What you have to do
For the data below, retype word for word the lines from the one containing "WALKERS/ WHEELCHAIR" through the one containing "at PristineAuction.com Patrick"; drop the pictures.

Supplied material
* * * * * * * * *

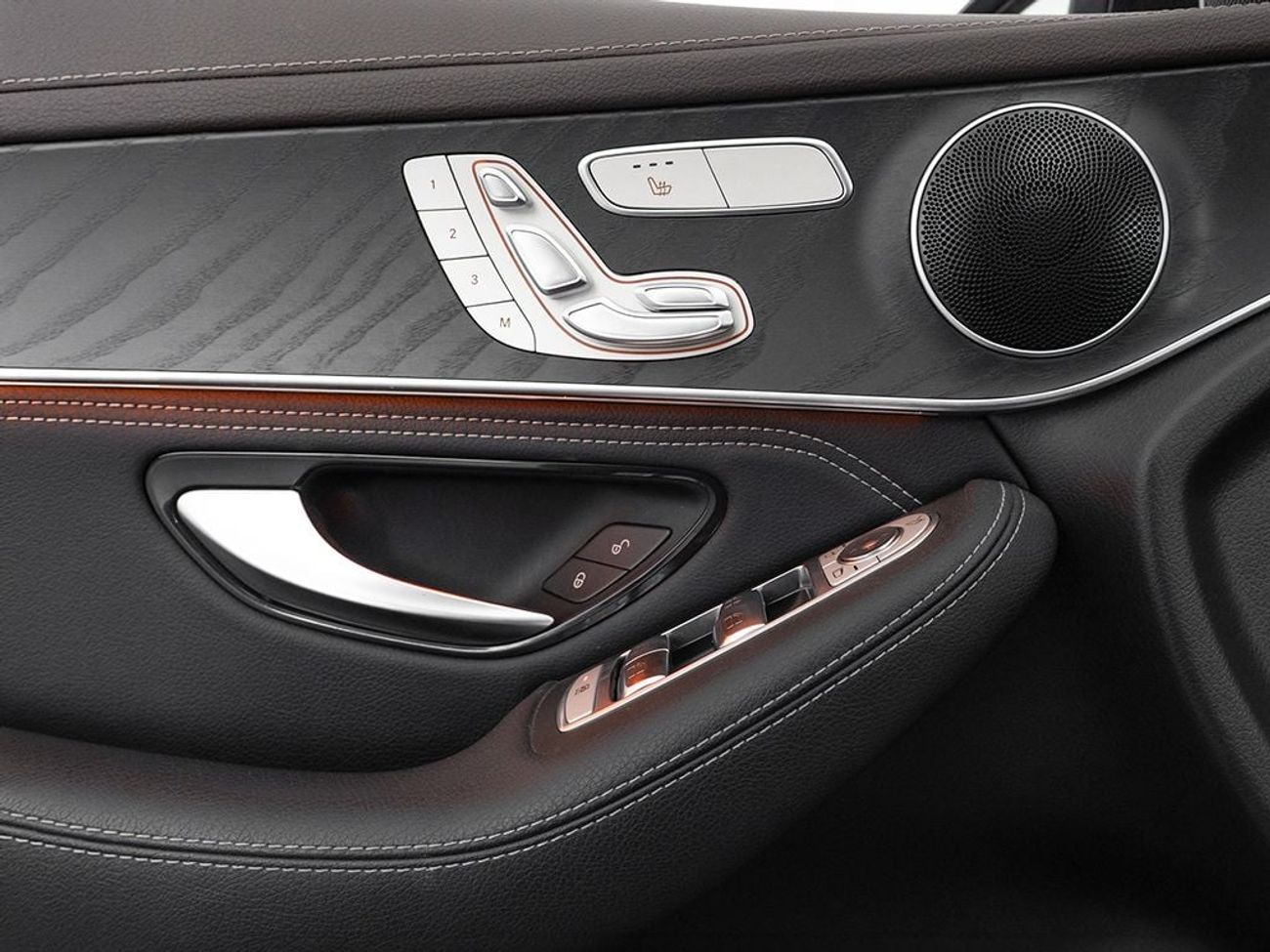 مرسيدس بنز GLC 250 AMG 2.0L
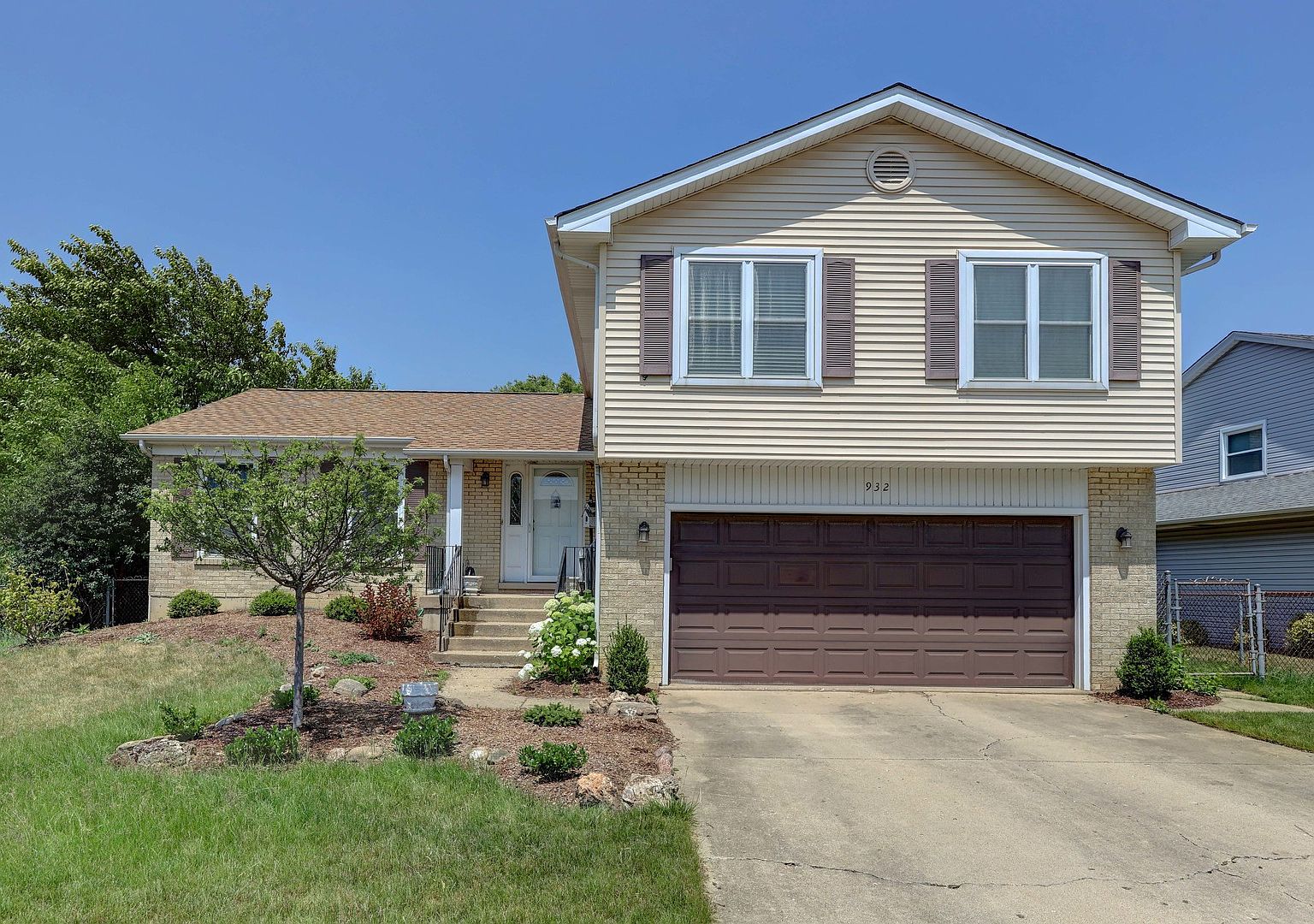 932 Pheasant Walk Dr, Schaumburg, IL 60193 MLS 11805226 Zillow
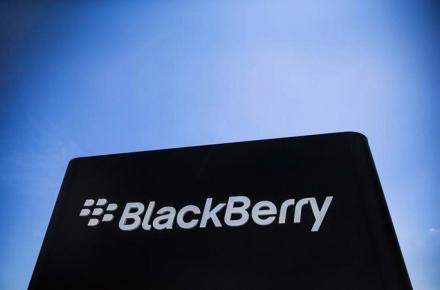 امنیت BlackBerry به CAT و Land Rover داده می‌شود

* * * * * * * * *

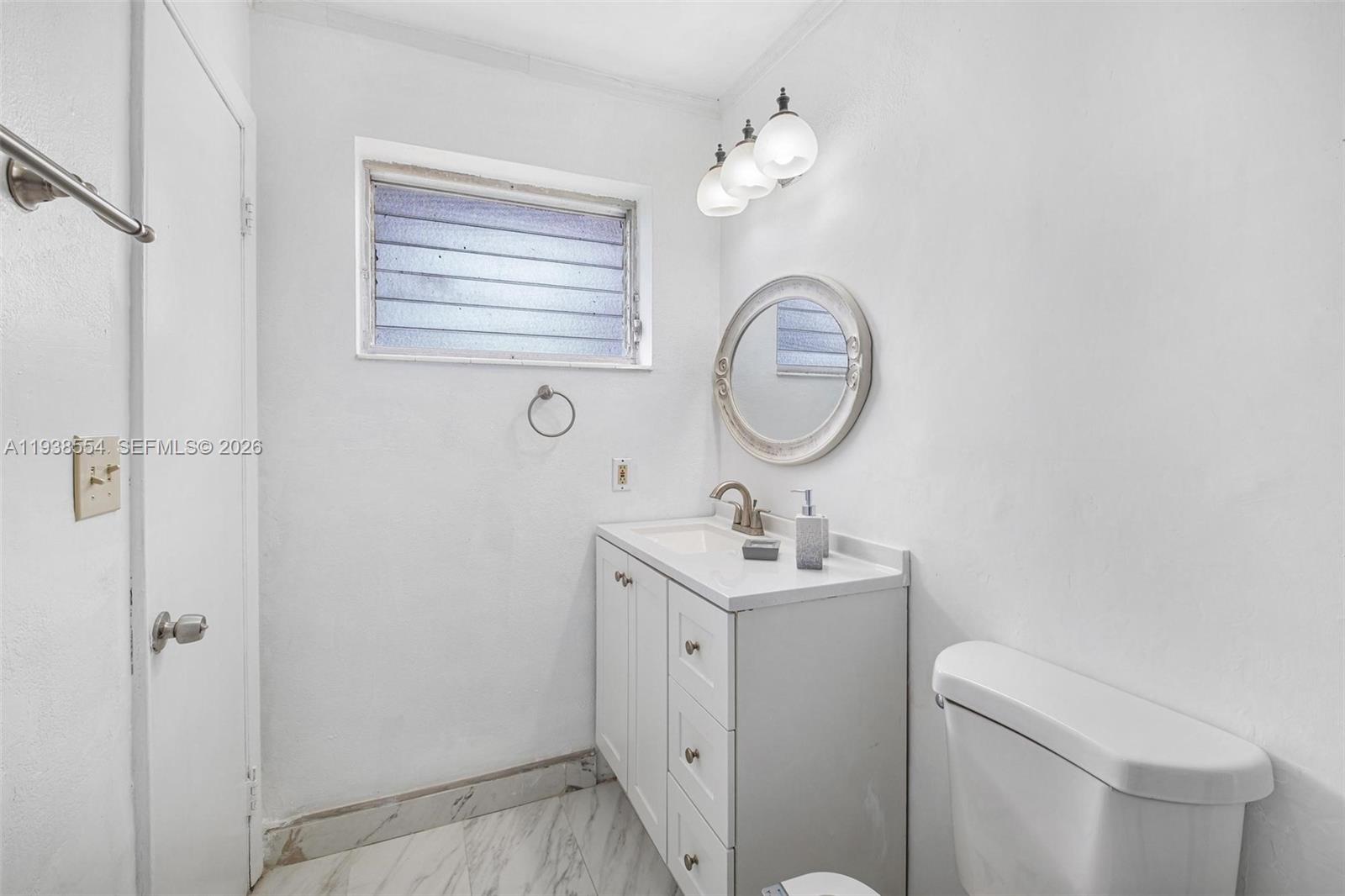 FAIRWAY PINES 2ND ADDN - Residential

* * * * * * * * *

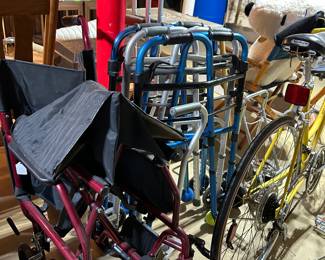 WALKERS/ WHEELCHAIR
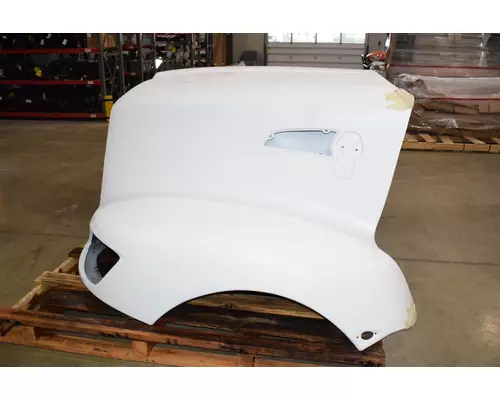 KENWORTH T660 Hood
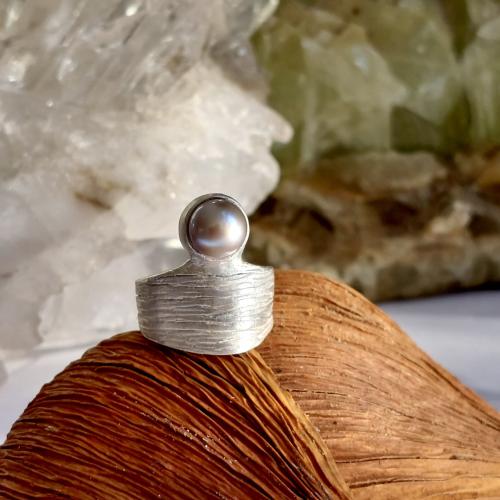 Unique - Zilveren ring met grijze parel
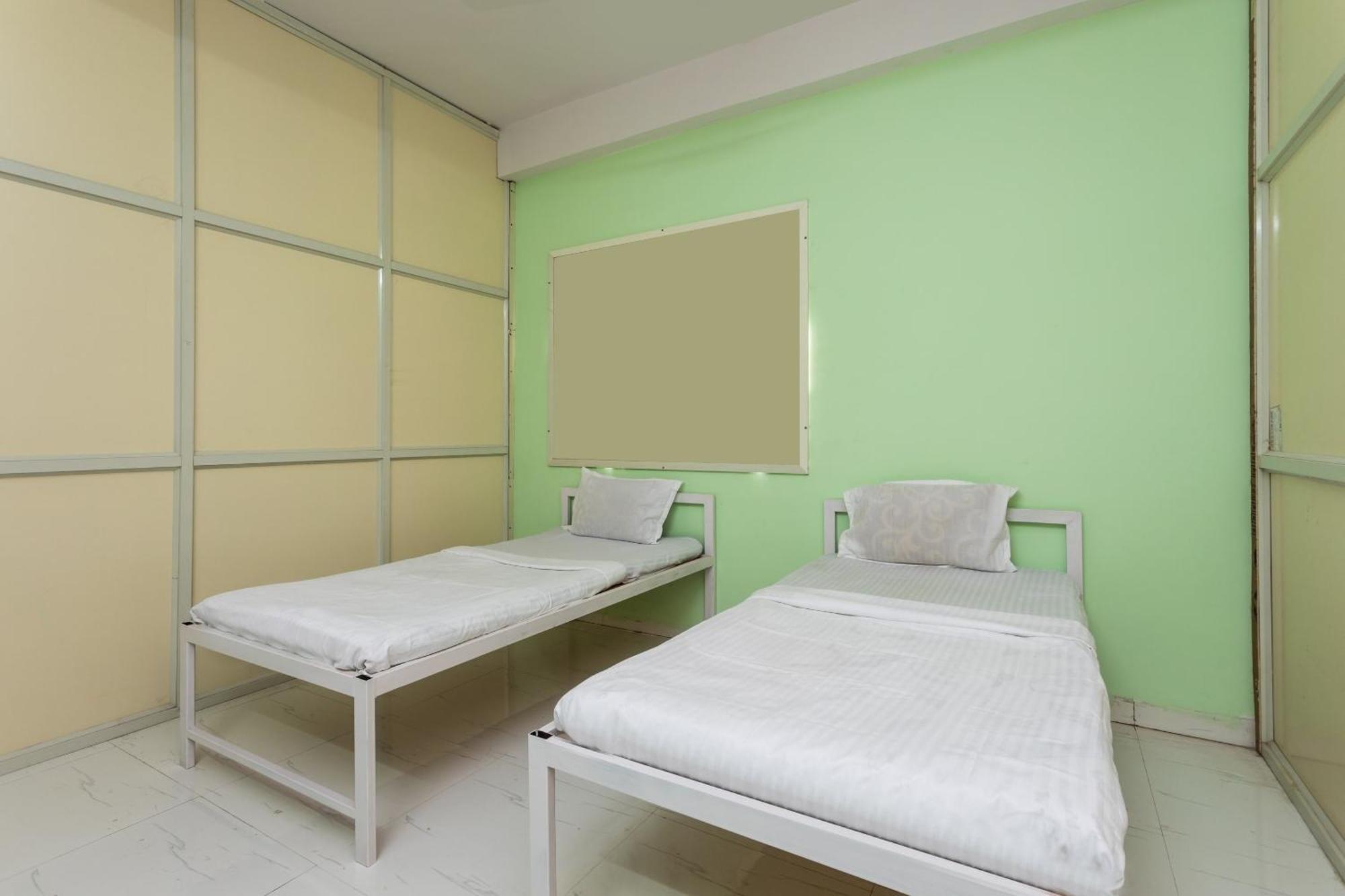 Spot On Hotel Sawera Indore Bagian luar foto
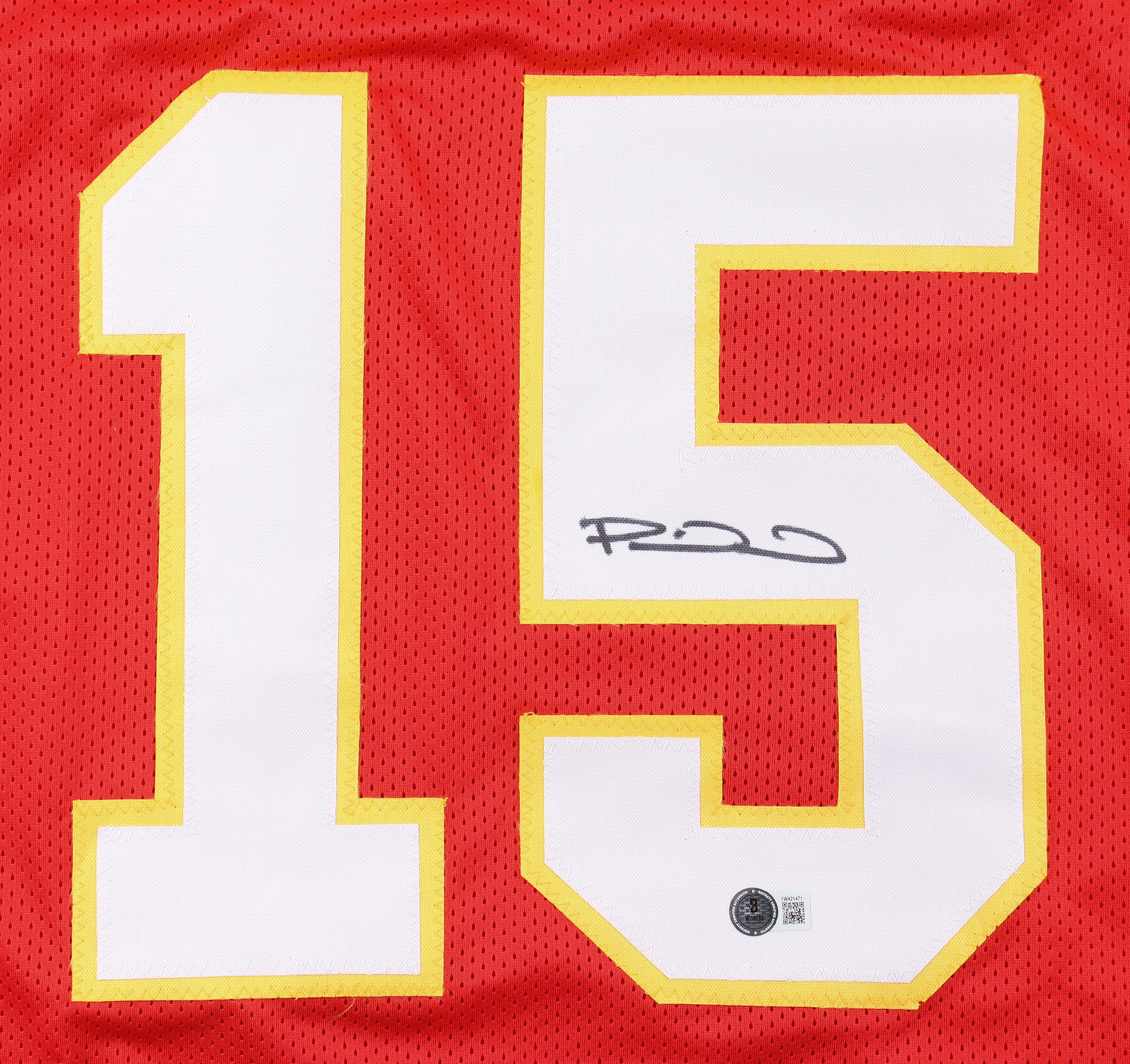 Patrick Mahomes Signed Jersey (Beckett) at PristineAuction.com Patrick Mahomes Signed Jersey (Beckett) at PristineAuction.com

* * * * * * * * *

Answer to the problem
 WALKERS/ WHEELCHAIR
 KENWORTH T660 Hood
 Unique - Zilveren ring met grijze parel
 Spot On Hotel Sawera Indore Bagian luar foto
 Patrick Mahomes Signed Jersey (Beckett) at PristineAuction.com Patrick Mahomes Signed Jersey (Beckett) at PristineAuction.com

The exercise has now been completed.